Sir William Loraine, 4th Baronet, inherited the estate in 1755 aged 6 and when he came of age, Brown produced a design plan for him to replace the early 18th century formal gardens with a more naturalistic landscape, probably around 1770. Brown's scheme included single trees, tree belts, a serpentine lake and a new approach, but was only partially implemented. The lake was not created, only part of the semi-circular approach was laid out, and the walled garden may not have been built.

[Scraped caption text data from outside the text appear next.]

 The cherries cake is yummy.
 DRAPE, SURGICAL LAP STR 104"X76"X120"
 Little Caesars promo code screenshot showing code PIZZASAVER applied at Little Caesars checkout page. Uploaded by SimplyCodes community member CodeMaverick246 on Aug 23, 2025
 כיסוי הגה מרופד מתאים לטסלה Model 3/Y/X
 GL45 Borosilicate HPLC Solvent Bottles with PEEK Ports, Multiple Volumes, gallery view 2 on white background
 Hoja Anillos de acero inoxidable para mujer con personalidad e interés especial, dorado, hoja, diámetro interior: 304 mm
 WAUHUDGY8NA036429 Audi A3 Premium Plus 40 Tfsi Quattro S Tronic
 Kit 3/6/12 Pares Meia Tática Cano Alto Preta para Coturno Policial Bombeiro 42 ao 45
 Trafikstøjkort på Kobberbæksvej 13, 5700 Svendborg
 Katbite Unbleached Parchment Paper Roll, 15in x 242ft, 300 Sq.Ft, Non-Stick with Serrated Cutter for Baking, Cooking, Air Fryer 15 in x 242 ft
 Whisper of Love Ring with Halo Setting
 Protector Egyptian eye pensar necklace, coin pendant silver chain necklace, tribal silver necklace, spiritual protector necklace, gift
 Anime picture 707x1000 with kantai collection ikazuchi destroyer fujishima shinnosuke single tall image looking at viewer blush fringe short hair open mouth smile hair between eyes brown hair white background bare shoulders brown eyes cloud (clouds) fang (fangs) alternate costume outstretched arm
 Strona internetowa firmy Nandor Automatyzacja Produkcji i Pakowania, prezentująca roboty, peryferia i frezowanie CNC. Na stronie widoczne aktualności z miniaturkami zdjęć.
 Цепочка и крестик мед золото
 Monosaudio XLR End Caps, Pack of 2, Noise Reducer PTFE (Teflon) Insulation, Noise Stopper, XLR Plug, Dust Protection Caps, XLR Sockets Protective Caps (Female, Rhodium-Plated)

Brown's original plan was rediscovered by Kirkharle's current owners, John and Kitty Anderson, in 1980. They made plans to restore the Grade II-listed park and to recreate Brown's vision for the landscape, including creating his proposed lake. It was not possible to create the lake as one piece of water because the A696 road, built in 1883, now cuts across the bottom of the park so in 2009, two serpentine lakes were created instead. Hundreds of new trees were planted. A cascade, a feature often used by Brown to make two lakes appear as single sheet of water was added in 2016 as part of the Capability Brown Festival, celebrating the tercentenary of Brown's birth. The water began to trickle through the cascade on 30 August 2016, the 300th anniversary of Brown's baptism at St Wilfrid's Church.

The lake, grounds and St Wilfrid's church are open to the public as part of the Kirkharle Courtyard Visitor Centre.

== Other notable people ==
The artist and fox hunter Charles Loraine Smith was born to a Loraine and adopted the name of Smith whilst a boy.